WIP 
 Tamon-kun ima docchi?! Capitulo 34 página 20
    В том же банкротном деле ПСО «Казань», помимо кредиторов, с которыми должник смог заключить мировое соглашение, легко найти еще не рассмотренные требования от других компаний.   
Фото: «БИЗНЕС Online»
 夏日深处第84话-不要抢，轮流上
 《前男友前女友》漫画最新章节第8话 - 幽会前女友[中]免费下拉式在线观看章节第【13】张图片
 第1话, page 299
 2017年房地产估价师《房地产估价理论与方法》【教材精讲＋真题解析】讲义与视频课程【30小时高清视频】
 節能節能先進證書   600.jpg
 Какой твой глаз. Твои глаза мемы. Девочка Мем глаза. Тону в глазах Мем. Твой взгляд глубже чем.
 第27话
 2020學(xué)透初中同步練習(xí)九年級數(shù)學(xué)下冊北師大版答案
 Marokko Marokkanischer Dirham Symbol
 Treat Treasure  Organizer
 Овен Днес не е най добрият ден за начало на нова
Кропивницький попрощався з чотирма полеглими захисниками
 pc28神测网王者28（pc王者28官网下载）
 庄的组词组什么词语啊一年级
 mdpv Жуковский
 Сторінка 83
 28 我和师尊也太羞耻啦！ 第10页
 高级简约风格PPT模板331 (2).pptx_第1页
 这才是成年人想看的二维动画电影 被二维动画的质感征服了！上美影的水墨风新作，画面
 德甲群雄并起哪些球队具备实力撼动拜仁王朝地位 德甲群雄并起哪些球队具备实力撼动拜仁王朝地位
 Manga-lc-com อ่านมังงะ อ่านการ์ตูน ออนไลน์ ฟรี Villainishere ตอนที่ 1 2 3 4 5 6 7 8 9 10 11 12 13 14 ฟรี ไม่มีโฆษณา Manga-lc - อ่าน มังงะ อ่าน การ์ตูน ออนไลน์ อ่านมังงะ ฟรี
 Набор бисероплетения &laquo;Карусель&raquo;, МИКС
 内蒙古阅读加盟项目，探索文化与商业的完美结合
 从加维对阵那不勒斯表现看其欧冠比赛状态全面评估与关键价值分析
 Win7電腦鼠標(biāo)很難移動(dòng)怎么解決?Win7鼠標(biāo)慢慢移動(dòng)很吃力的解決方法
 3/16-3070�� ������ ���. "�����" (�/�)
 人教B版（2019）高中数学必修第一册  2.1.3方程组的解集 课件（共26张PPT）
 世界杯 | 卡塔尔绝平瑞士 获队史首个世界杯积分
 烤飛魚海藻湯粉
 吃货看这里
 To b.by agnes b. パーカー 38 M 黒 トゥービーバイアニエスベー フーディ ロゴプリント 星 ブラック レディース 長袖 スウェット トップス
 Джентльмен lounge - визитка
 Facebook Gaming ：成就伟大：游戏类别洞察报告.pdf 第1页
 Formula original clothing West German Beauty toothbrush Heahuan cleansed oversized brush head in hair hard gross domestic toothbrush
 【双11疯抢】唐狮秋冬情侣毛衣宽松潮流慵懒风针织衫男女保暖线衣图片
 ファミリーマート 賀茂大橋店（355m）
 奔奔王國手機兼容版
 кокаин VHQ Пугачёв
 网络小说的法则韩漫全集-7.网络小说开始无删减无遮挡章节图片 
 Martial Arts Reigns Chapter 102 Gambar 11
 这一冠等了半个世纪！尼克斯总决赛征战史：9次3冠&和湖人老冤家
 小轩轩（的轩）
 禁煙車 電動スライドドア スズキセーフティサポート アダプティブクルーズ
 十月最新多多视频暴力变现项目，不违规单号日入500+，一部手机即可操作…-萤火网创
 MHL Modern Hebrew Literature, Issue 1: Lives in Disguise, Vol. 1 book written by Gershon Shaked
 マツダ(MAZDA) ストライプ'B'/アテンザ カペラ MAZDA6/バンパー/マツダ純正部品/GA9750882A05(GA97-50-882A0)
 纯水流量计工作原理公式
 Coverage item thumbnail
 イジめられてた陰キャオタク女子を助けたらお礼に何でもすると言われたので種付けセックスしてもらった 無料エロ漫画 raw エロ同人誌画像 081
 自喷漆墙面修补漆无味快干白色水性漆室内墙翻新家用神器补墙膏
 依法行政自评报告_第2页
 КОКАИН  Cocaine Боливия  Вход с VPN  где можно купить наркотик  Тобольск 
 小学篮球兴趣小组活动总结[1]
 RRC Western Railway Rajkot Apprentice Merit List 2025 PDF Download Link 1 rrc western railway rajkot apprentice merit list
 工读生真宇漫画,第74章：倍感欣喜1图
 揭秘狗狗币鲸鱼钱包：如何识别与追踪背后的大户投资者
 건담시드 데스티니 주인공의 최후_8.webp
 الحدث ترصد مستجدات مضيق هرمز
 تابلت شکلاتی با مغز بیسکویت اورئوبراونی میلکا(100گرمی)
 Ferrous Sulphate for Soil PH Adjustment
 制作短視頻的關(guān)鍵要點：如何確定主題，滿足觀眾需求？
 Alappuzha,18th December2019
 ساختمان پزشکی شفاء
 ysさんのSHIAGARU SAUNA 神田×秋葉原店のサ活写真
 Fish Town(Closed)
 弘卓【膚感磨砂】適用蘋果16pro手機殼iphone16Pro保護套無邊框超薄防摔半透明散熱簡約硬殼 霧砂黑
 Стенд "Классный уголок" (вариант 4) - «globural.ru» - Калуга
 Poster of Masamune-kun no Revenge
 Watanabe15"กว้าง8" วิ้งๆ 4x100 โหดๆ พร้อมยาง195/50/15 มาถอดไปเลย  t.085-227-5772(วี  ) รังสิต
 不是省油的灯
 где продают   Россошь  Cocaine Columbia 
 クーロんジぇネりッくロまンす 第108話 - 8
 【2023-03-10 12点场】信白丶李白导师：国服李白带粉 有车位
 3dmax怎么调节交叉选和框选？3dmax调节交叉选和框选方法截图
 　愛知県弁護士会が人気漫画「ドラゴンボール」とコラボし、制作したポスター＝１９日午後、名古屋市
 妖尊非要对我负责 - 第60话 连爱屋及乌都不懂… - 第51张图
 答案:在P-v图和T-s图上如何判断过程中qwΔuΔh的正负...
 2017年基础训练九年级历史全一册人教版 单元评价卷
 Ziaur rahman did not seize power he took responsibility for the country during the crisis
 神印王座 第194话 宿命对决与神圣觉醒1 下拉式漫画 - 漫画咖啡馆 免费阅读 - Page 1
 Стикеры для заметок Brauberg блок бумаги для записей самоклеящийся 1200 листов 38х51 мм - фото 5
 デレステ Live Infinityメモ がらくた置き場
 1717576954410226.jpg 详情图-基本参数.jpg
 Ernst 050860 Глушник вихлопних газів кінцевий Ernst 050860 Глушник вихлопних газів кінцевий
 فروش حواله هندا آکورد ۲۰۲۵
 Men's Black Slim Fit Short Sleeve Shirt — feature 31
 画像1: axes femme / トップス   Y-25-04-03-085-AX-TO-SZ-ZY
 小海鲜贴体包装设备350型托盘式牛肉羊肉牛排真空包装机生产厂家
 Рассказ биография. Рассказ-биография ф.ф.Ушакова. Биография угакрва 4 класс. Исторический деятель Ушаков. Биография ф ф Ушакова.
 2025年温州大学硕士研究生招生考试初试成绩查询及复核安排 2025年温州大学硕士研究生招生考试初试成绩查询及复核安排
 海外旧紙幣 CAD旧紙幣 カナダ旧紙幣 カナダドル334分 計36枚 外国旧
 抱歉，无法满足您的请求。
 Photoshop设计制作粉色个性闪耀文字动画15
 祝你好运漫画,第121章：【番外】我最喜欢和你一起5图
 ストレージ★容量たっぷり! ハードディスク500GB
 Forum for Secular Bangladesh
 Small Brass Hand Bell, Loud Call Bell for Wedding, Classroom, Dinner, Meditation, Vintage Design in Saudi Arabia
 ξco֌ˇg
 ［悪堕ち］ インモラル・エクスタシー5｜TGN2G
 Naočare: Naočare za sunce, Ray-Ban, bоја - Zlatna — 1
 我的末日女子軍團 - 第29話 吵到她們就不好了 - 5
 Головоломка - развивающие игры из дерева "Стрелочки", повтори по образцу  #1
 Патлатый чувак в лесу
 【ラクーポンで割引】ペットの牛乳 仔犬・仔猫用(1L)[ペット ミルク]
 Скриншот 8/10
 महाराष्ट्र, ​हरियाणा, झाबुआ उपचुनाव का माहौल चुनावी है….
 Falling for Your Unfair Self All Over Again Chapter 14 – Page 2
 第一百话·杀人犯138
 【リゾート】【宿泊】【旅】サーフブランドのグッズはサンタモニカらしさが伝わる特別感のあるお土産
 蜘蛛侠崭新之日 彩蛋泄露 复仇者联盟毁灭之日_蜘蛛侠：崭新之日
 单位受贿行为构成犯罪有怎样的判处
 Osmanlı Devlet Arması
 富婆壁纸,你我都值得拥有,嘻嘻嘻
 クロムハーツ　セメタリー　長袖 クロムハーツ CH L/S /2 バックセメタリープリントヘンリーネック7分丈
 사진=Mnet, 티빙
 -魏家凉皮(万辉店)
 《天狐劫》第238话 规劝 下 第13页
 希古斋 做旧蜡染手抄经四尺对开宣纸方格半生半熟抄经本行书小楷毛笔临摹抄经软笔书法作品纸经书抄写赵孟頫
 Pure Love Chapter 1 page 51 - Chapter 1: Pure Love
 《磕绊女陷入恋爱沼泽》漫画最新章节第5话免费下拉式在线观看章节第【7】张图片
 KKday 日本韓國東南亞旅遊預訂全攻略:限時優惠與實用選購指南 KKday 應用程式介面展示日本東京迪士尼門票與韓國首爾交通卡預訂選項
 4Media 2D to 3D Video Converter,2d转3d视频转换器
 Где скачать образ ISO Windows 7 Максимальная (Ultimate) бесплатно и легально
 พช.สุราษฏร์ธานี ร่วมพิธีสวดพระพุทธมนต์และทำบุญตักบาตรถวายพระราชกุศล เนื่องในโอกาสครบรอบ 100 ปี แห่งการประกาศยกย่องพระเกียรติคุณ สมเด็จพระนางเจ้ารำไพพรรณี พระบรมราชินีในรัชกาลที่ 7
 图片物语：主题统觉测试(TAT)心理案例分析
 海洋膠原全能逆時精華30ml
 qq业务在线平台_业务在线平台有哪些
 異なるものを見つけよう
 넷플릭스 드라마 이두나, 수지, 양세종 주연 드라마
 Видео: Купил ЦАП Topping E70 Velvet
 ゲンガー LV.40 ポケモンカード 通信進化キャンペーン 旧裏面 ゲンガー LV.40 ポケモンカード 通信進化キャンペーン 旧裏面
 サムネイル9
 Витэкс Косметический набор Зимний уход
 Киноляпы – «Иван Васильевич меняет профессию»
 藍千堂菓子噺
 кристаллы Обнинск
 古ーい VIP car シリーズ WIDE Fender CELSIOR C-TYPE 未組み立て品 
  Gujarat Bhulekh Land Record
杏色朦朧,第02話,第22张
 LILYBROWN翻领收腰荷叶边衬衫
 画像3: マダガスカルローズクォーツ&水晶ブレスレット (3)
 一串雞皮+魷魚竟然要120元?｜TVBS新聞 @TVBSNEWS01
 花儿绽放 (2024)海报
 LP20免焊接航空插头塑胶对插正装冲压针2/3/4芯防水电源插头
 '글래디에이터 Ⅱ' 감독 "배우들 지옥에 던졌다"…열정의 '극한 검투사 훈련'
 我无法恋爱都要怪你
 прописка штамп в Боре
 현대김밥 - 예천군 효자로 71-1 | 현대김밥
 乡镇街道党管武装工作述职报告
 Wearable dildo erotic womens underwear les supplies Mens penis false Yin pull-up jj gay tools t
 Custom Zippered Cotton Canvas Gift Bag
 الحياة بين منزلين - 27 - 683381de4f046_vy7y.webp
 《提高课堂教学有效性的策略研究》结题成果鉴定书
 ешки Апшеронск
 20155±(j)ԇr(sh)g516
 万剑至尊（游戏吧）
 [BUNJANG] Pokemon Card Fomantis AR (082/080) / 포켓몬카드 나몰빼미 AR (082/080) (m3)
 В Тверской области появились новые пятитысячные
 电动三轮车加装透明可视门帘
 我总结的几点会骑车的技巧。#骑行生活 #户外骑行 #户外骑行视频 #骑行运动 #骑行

Task prompt
Only one stretch of the records above is wanted: the lines between the one holding "夏日深处第84话-不要抢，轮流上" and the one holding "十月最新多多视频暴力变现项目", inclusive, reproduced exactly.

Solved problem
 夏日深处第84话-不要抢，轮流上
 《前男友前女友》漫画最新章节第8话 - 幽会前女友[中]免费下拉式在线观看章节第【13】张图片
 第1话, page 299
 2017年房地产估价师《房地产估价理论与方法》【教材精讲＋真题解析】讲义与视频课程【30小时高清视频】
 節能節能先進證書   600.jpg
 Какой твой глаз. Твои глаза мемы. Девочка Мем глаза. Тону в глазах Мем. Твой взгляд глубже чем.
 第27话
 2020學(xué)透初中同步練習(xí)九年級數(shù)學(xué)下冊北師大版答案
 Marokko Marokkanischer Dirham Symbol
 Treat Treasure  Organizer
 Овен Днес не е най добрият ден за начало на нова
Кропивницький попрощався з чотирма полеглими захисниками
 pc28神测网王者28（pc王者28官网下载）
 庄的组词组什么词语啊一年级
 mdpv Жуковский
 Сторінка 83
 28 我和师尊也太羞耻啦！ 第10页
 高级简约风格PPT模板331 (2).pptx_第1页
 这才是成年人想看的二维动画电影 被二维动画的质感征服了！上美影的水墨风新作，画面
 德甲群雄并起哪些球队具备实力撼动拜仁王朝地位 德甲群雄并起哪些球队具备实力撼动拜仁王朝地位
 Manga-lc-com อ่านมังงะ อ่านการ์ตูน ออนไลน์ ฟรี Villainishere ตอนที่ 1 2 3 4 5 6 7 8 9 10 11 12 13 14 ฟรี ไม่มีโฆษณา Manga-lc - อ่าน มังงะ อ่าน การ์ตูน ออนไลน์ อ่านมังงะ ฟรี
 Набор бисероплетения &laquo;Карусель&raquo;, МИКС
 内蒙古阅读加盟项目，探索文化与商业的完美结合
 从加维对阵那不勒斯表现看其欧冠比赛状态全面评估与关键价值分析
 Win7電腦鼠標(biāo)很難移動(dòng)怎么解決?Win7鼠標(biāo)慢慢移動(dòng)很吃力的解決方法
 3/16-3070�� ������ ���. "�����" (�/�)
 人教B版（2019）高中数学必修第一册  2.1.3方程组的解集 课件（共26张PPT）
 世界杯 | 卡塔尔绝平瑞士 获队史首个世界杯积分
 烤飛魚海藻湯粉
 吃货看这里
 To b.by agnes b. パーカー 38 M 黒 トゥービーバイアニエスベー フーディ ロゴプリント 星 ブラック レディース 長袖 スウェット トップス
 Джентльмен lounge - визитка
 Facebook Gaming ：成就伟大：游戏类别洞察报告.pdf 第1页
 Formula original clothing West German Beauty toothbrush Heahuan cleansed oversized brush head in hair hard gross domestic toothbrush
 【双11疯抢】唐狮秋冬情侣毛衣宽松潮流慵懒风针织衫男女保暖线衣图片
 ファミリーマート 賀茂大橋店（355m）
 奔奔王國手機兼容版
 кокаин VHQ Пугачёв
 网络小说的法则韩漫全集-7.网络小说开始无删减无遮挡章节图片 
 Martial Arts Reigns Chapter 102 Gambar 11
 这一冠等了半个世纪！尼克斯总决赛征战史：9次3冠&和湖人老冤家
 小轩轩（的轩）
 禁煙車 電動スライドドア スズキセーフティサポート アダプティブクルーズ
 十月最新多多视频暴力变现项目，不违规单号日入500+，一部手机即可操作…-萤火网创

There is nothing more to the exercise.